As lawyer, I have to complete twelve continuing legal education hourly credits annually so a four-hour initial training course is not a big deal. I don’t believe the above requirements create prohibitive firewall for physicians. The real obstacle is will enough physicians be willing to prescribed medical marijuana.

For variety of reasons, physicians initially may be hesitant to participate in Pennsylvania’s Medical Marijuana program. Physicians may worry about the psychoactive side effects of marijuana and not want to prescribe it to patients. Not every physician believes and accepts that marijuana has medical benefits to patients.

Additionally, physicians have no control over what is dispensed to patients. Under the Medical Marijuana Act, physicians simply certify that a patient has one of the seventeen serious medical conditions. A physicians is tied to the patient he certifies but has no control over the medication he is certifying the patient may receive.

Many of the physicians are also connected with larger health networks who will be fearful of the potential liability issues caused by one of its physicians certifying patients to take medical marijuana. Finally, marijuana is still illegal on a Federal level. The DEA classifies marijuana as a schedule 1 controlled substance, like heroin, with “no currently accepted medical use”. Initially, there may not be enough physicians willing to certify patients.

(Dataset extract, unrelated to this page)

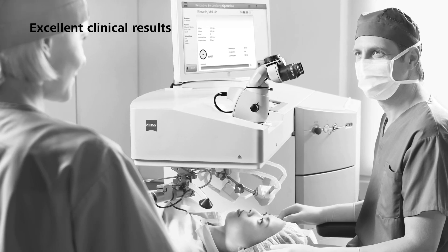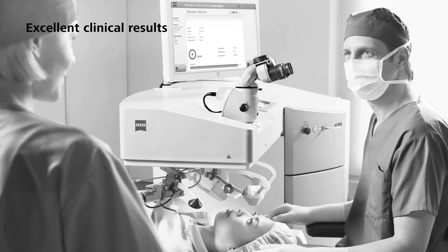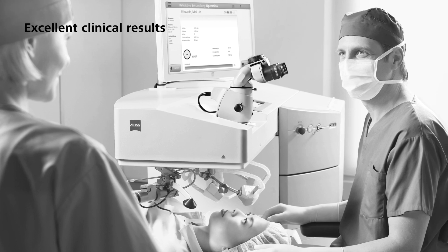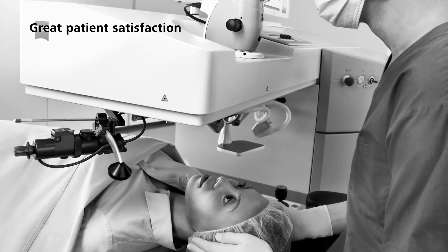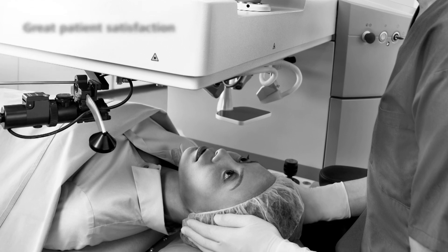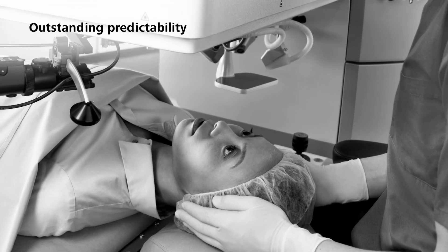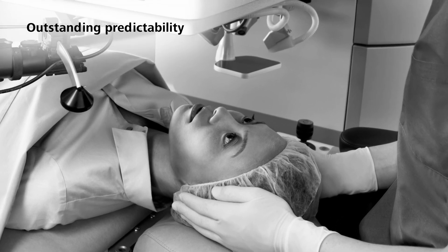Excellent clinical results will fascinate you and your patients. Great patient satisfaction. Outstanding predictability.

Pennsylvania’s Medical Marijuana Act is very similar to Minnesota’s medical marijuana law in the requirements that it places on physicians and patients. Both laws also regulate marijuana as a medicine and do not allows patients to smoke marijuana. After Minnesota approved its law in 2014, Minnesota projected 5,000 patients would initially be certified. Over a month after Minnesota’s law was enacted, less than two hundred patients had been certified. One of the reasons for the low number of certified patients was that there were too few physicians willing to certify patients. Critics of Minnesota’s medical marijuana law called it the “Doc Block”. Time will tell if patients in Pennsylvania will also be Doc Blocked.

One thought on “Will Pennsylvania’s Medical Marijuana Act get Doc Blocked?

  1. Also the ATF has a change it wants to make in the law which will not allow registered medical marijuana users to purchase firearms.